Categorias: América Latina, Brasil, Arte e Cultura, Direitos Humanos, Juventude, Mídia Cidadã, Protesto

Centenas de pessoas fizeram uma caminhada pela paz nas ruas do bairro Canindezinho, em Fortaleza, para denunciar os assassinatos de jovens, as práticas de extermínio e as fragilidades de infraestrutura na região de cinco bairros conhecida como Grande Bom Jardim.

Ao início da tarde de 18 de abril de 2013, a praça do Canindezinho foi tomada por jovens, estudantes, professores, lideranças comunitárias, artistas e apoiadores. Alguns chegaram mais cedo e confeccionaram seus cartazes ali mesmo, nos bancos da praça, e outros já traziam suas faixas: eles queriam falar sobre juventude, paz e vida. Alguns deles vestiam camisas com a foto de vizinhos e familiares assassinados, como forma de homenageá-los.

Uma faixa pergunta “Quantos jovens precisarão morrer para a sociedade e o estado tomarem uma atitude?”; outra faixa declara o “Manifesto da paz”. Foto de Icaro Martins, publicada no Facebook. [1]

Uma faixa pergunta “Quantos jovens precisarão morrer para a sociedade e o estado tomarem uma atitude?”; outra faixa declara o “Manifesto da paz”. Foto de Icaro Martins, publicada no Facebook.

A caminhada foi organizada pelo grupo Jovens Agentes de Paz [2] (JAP), um projeto do Centro de Defesa da Vida Herbert de Souza [3], e contou com a parceria de escolas, associações comunitárias, organizações não-governamentais, e grupos artísticos e religiosos. Os organizadores estimam que 1.500 pessoas participaram na marcha.

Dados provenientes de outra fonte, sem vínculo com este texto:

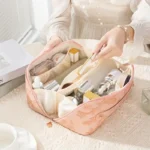 Vintage Flower Women Tote Cosmetic Bag Fashion Portable Pillow Makeup Orgainzer Pouch Washbag Large Capacity Travel Zipper Bag – Bild 4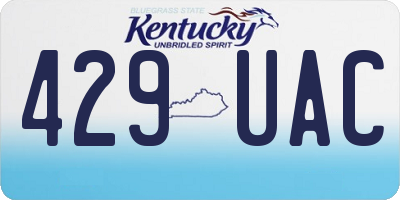 KY license plate 429UAC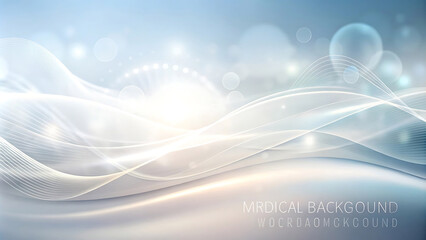 with blurred medical element wave abstract background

Palavras que gritam pela vida

Caminhada da Paz do Grande Bom Jardim. Imagem compartilhada na página do Facebook do projeto Jovens Agentes de Paz. [4]

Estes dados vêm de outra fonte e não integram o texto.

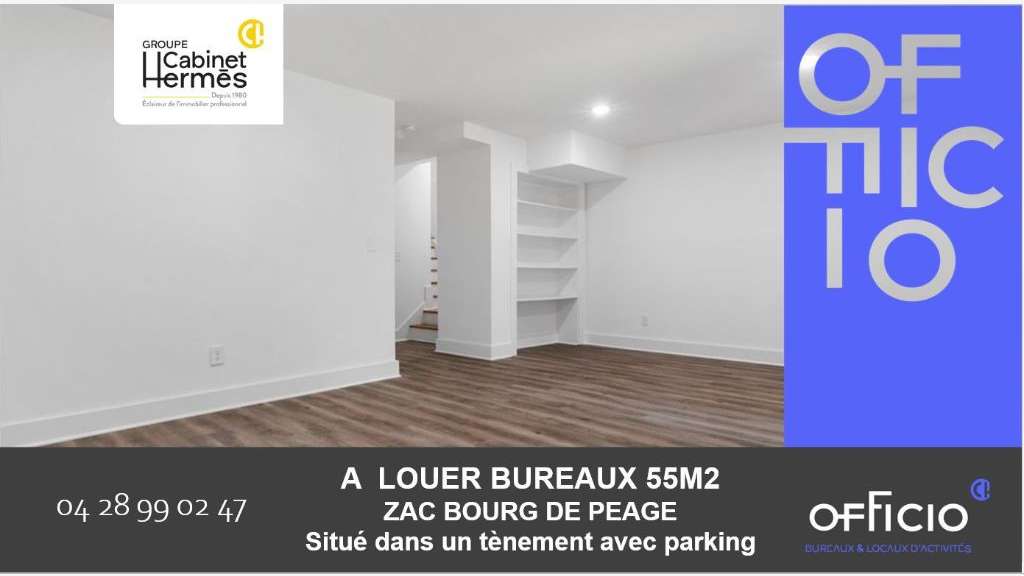 A louer bureaux 55m² refait à neuf Bourg-de-Péage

Caminhada da Paz do Grande Bom Jardim. Imagem da página do Facebook do projeto Jovens Agentes de Paz.

Segundo a carta aberta da caminhada, “Contra a violência de Estado e o extermínio anunciado: a gente grita pela vida!”, que pode ser lida online [5] no sítio do Centro de Defesa da Vida Herbert de Souza, entre 2007 e 2010, no Grande Bom Jardim, 491 mortes tiveram conexão com a violência. Ainda segundo a carta, esse número inclui 186 jovens de 15 a 29 anos, mortos entre 2007 e 2009; só no ano de 2012, 166 pessoas foram assassinadas na região.

Para se fazer a comparação, segundo o Censo 2010 do Instituto Brasileiro de Geografia e Estatística (IBGE [6]), os cinco bairros somam 204.281 pessoas, sendo 120.957 com idade entre 0 e 29 anos.

Em março de 2013, o jornal O Povo escreveu sobre a escalada de violência na cidade [7]: no mês de fevereiro, foram 142 pessoas assassinadas, das quais 15 foram nos bairros do Grande Bom Jardim. Nos 59 primeiros dias de 2013, o bairro Bom Jardim liderou as estatísticas policiais [8] com a apreensão de 22 armas de fogo – em 2012, o bairro ficou em 3º lugar na cidade, com 88 armas apreendidas.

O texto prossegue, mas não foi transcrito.